Akira Kosemura - Yearbook EP
Sortie le : 19 octobre 2018
Sept minutes et trente secondes. Trois morceaux au piano dont deux issus d’un répertoire qu’il revisite. Si l’on s’en tient à cette rapide description, le nouvel EP d’Akira Kosemura ne semble pas témoigner d’un travail particulièrement fourni. Mais le Japonais n’est pas du genre à privilégier la quantité à la qualité.
Aussi, Yearbook est introduit par un titre homonyme d’une minute et dix-huit secondes, parenthèse trop courte tant la danse des doigts agiles d’Akira Kosemura sur le clavier plonge immédiatement l’auditeur dans un univers onirique et cotonneux dont la brutale interruption constituerait le retour à la réalité.

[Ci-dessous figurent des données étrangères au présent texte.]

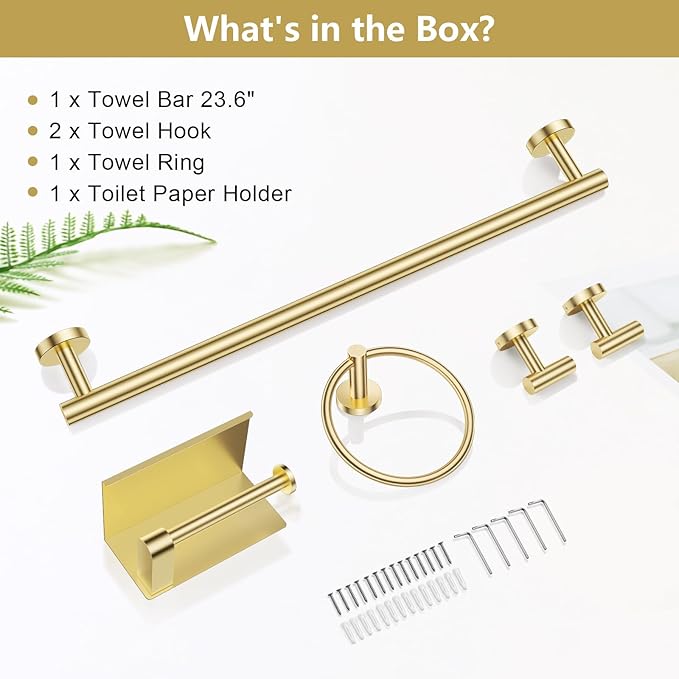 TQKAG 5 Piece Bathroom Towel Bar Holder Sets Brushed Gold Bathroom Hardware Set Stainless Steel Toilet Paper Holder with Shelf Bathroom Accessories Kit Wall Mounted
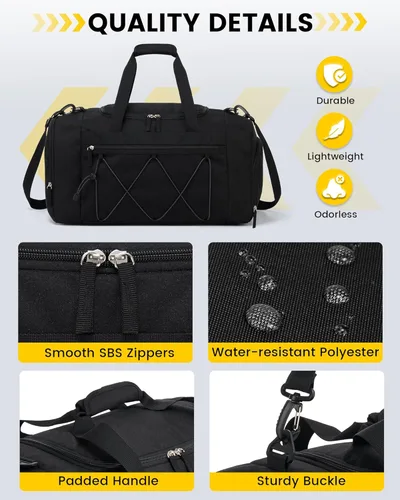 Miniatura 6 de Vorspack Bolsa de gimnasio para hombres 21 pulgadas bolsa de viaje bolsa de lona para gimnasio, deportes, viajes, fin de semana, natación durante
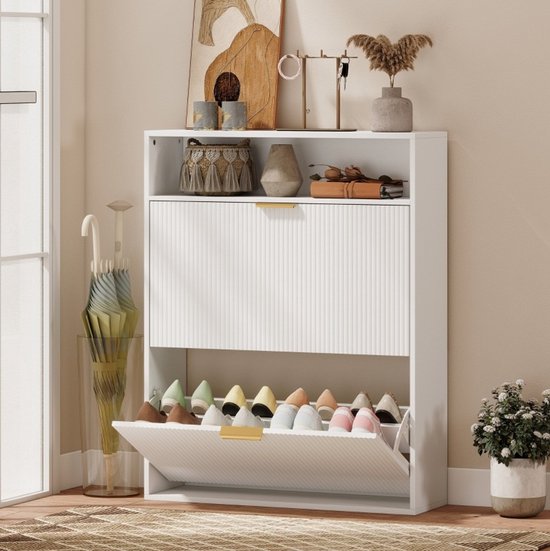 COVREO Schoenenkast 80x24x102,5 cm wit, van hout met 2 klapvakken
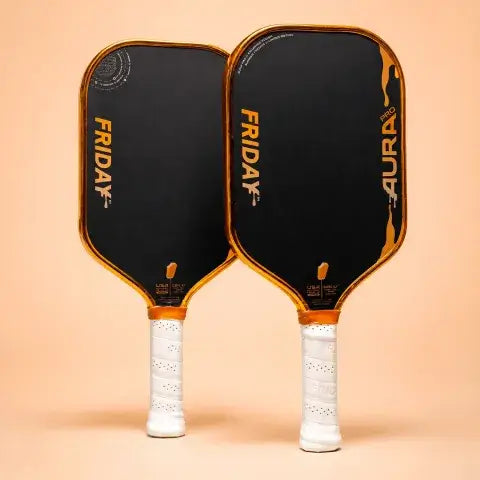Friday Aura Pro -  Elongated (Limited Metallic Series) paddles with striking design on a soft background.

Ce qui est agréable ne dure jamais assez longtemps et cette tendance est non seulement assumée mais poussée à son paroxysme par le jeune trentenaire. La nouvelle version de Shadow est faite du même bois et le rythme chaloupé accompagné d’un voile mélancolique de la composition n’est pas sans rappeler certains des premiers travaux de Yann Tiersen ou Chilly Gonzales. Ou quand l’envie de séduire est perceptible mais jamais trop importante pour engendrer un quelconque aspect pathogène sur la musique.
En attendant la divulgation de nouveaux travaux, le Tokyoïte conclut cet EP avec une nouvelle version épurée d’Amour où grâce et nostalgie cohabitent pour faire diminuer progressivement la tension. En évitant cette fois de brusquer l’auditeur qui, à coup sûr, en redemandera...
Une fois n’est pas coutume (et sans pour autant "revenir aux fondamentaux" tant les albums de cette sélection, pour la plupart d’entre eux du moins, témoignent d’une soif de liberté qui dépasse le cadre de l’indie pop même baroque ou psychédélique pour flirter avec le modern classical, l’ambient, la soul ou la musique électronique), on parle de chansons (...)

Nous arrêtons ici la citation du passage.